## Why Data Splitting Matters

In supervised machine learning, the goal is to build a model that learns how to correctly connect inputs to outputs. The inputs are often called **features** or **predictors**, while the outputs are known as **targets** or **responses**.

How well a model performs depends on the type of problem you’re solving.  
- For **regression** tasks, performance is usually measured using metrics like **R²**, **root mean square error (RMSE)**, or **mean absolute error (MAE)**.  
- For **classification** problems, common metrics include **accuracy**, **precision**, **recall**, and the **F1 score**.

There’s no single *perfect* value for these metrics—what’s considered good performance can vary widely depending on the industry or use case. While many resources explain these metrics in detail, the most important thing to remember is this:

> **A model must be evaluated fairly to be trusted.**

You can’t accurately judge a model’s performance using the same data it was trained on, because the model has already *seen* that data. This would result in overly optimistic performance scores. Instead, the model should be tested on **new, unseen data** to understand how well it will perform in real-world situations.

That’s why we split our dataset before training. One part is used to **train** the model, and another part is kept aside to **test** it. This separation ensures that performance metrics reflect the model’s true predictive ability, not just its ability to memorize the training data.


## Training, Validation, and Test Sets

Splitting your dataset is a key step in making sure your model’s performance is evaluated fairly and realistically. In most machine learning projects, the dataset is randomly divided into **three parts**:

### Training Set
The **training set** is used to teach the model. This is where the model learns patterns in the data by adjusting its internal parameters.  
For example, during training, a model learns the best weights or coefficients in algorithms like **linear regression**, **logistic regression**, or **neural networks**.

### Validation Set
The **validation set** is used to evaluate the model while you are fine-tuning it. This is especially useful during **hyperparameter tuning**.  
For instance, if you’re deciding how many neurons to use in a neural network or which kernel works best for a support vector machine, you try different options. For each option, the model is trained on the training set and evaluated using the validation set to see which configuration performs best.

### Test Set
The **test set** is reserved for the final evaluation of the model. It provides an unbiased measure of how well the model performs on completely new data.  
This dataset should **not** be used during training or validation, as doing so would compromise the fairness of the evaluation.

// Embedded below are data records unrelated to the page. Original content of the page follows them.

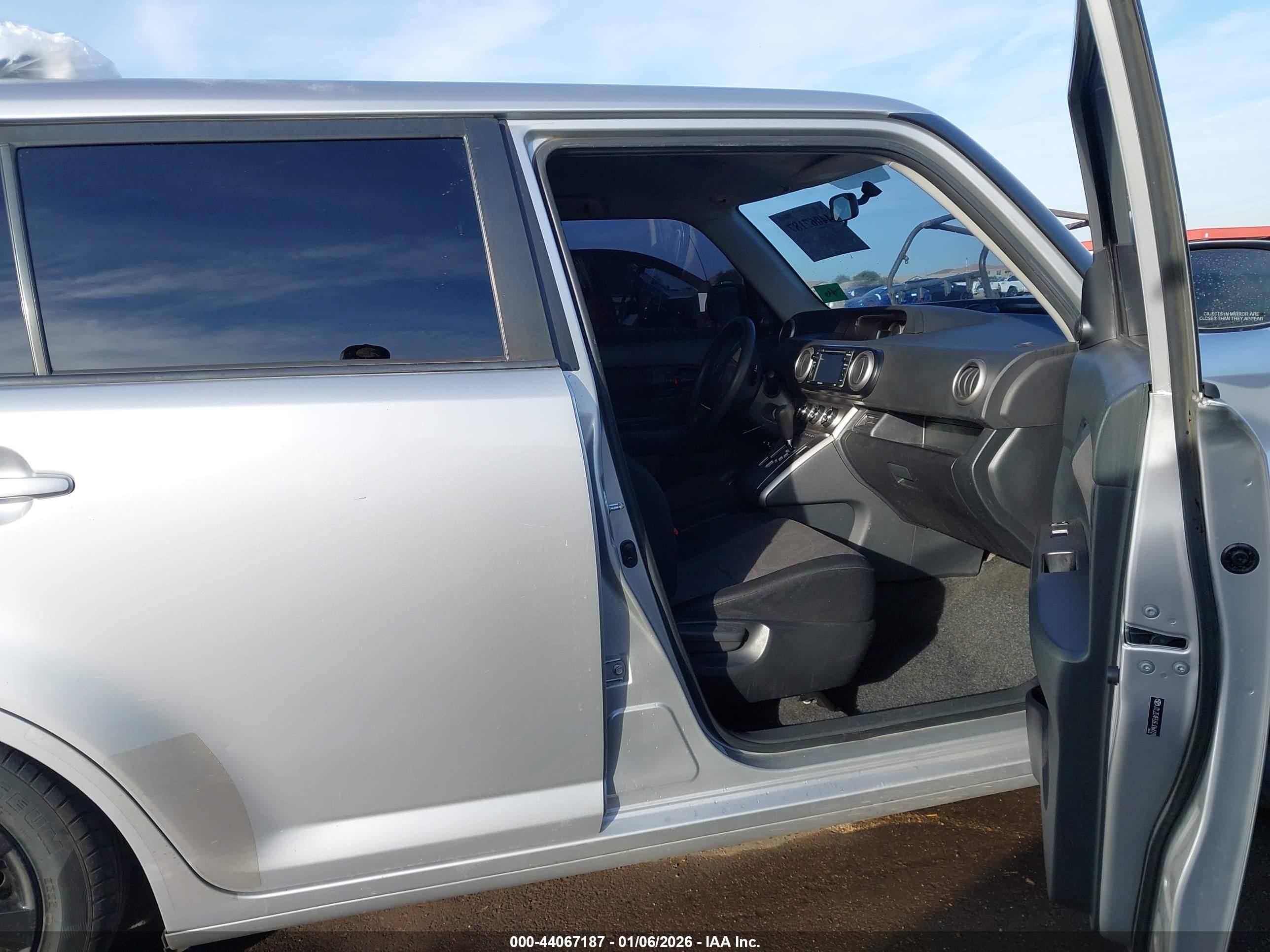 SCION XB image 5
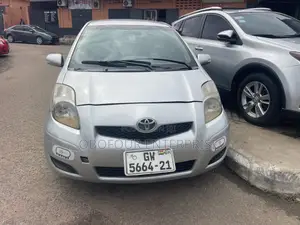 Toyota Vitz 1.5 FWD 5dr 2010 Silver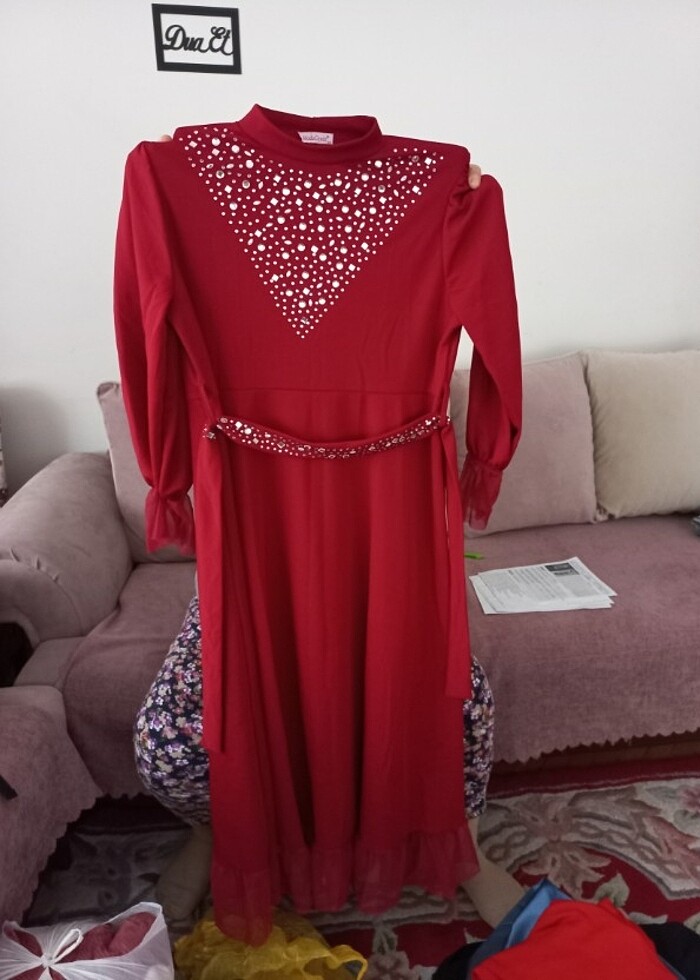 Likralı Kırmızı abiye sadece kına için giyildi - Görsel 3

In simpler scenarios—where hyperparameter tuning isn’t needed—it’s often acceptable to work with just **training** and **test** sets.

---

## Underfitting and Overfitting

Splitting data also helps identify two common modeling problems: **underfitting** and **overfitting**.

### Underfitting
**Underfitting** occurs when a model is too simple to capture the underlying patterns in the data.  
For example, using a linear model to describe a clearly nonlinear relationship can lead to underfitting. These models usually perform poorly on both the training and test datasets because they fail to learn meaningful patterns.

### Overfitting
**Overfitting** happens when a model is too complex and learns not only the true patterns in the data but also the noise.  
Such models often perform extremely well on the training data but fail to generalize to new, unseen data. As a result, their performance on the test set is usually much worse.

---

Splitting your dataset properly helps you balance learning and generalization, ensuring that your model performs well not just on known data, but also in real-world scenarios.